1) When and how did you first start practising?
I first found yoga from watching TV when I was 12 years old, Yoga for Health was the name of the program. My favourite pose was the Shoulder Stand, which I teach very carefully now after YTT and learning anatomy.
2) How you feel or what did you think after that first time?
I was intrigued by how good I felt after the practice – I guess it was the beginnings accessible yoga. I am never athletic and I am not good at sports and games, so yoga is the only form of ‘exercise’ available to me. Life started taking over when I started working and I did not get to practice for a good 30 years. In my 40s, I started getting aches and pains, felt a loss of energy and general weakness – especially after having 2 kids (whom I adore). I started taking yoga classes with Pure Yoga in Hong Kong – regularly 3 times a week. The practice was my safe place. I found that by coming to practice I could access parts of my body and my mind that are helpful to help me navigate my life both personally and professionally.
3) What inspired you to teach? And why do you continue to teach?

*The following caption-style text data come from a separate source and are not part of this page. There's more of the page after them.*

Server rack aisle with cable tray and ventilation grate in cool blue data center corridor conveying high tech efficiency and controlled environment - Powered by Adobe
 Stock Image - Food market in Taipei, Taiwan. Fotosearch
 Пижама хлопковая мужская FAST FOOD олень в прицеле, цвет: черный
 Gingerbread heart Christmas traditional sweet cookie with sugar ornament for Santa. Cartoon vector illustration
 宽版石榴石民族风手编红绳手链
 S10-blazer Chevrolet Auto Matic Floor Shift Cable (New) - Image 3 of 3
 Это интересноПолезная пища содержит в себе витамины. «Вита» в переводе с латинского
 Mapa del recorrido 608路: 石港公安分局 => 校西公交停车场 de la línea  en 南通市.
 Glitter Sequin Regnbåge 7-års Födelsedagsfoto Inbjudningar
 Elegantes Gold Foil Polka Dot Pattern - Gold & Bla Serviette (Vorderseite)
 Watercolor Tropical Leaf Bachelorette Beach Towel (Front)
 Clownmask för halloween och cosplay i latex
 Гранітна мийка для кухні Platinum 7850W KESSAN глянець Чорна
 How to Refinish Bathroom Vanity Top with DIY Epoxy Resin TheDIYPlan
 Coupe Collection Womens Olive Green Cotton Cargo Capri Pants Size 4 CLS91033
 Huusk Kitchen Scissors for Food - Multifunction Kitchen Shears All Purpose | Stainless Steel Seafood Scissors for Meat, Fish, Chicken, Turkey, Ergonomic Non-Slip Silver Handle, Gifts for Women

It was Patrick Creelman and Rinat Perlman – whom I will forever acknowledge as my foremost teachers. There have been many teachers along the way of course, and each one has brought their own wonderful knowledge and generously shared about their practice. They taught me how to be authentic and to act from the position of authenticity which is something that I struggled with. I have spent the better part of my life being an executive, friend, mother and wife, and feeling out of control. The teachers seemed very calm and clear-headed about what they were teaching and I got especially drawn to classes where the teacher gave clear and specific anatomical instructions and cues that I could follow. Somehow that idea of order felt reassuring. I love the feeling of stripping and sanding away all the layers and layers of conditioning and expectations that others (and even myself) have of me to behave a certain way and to deliver certain things. To uncover and reveal who I am and what I bring to this little life that I have now.
I teach to help people understand that true happiness is not attained by running around, rushing around and doing more. I hope to help them see that they really only need to slow down and start from their own bodies – the one and only ‘vehicle’ we have to move us around and manifest our contribution to this beautiful world.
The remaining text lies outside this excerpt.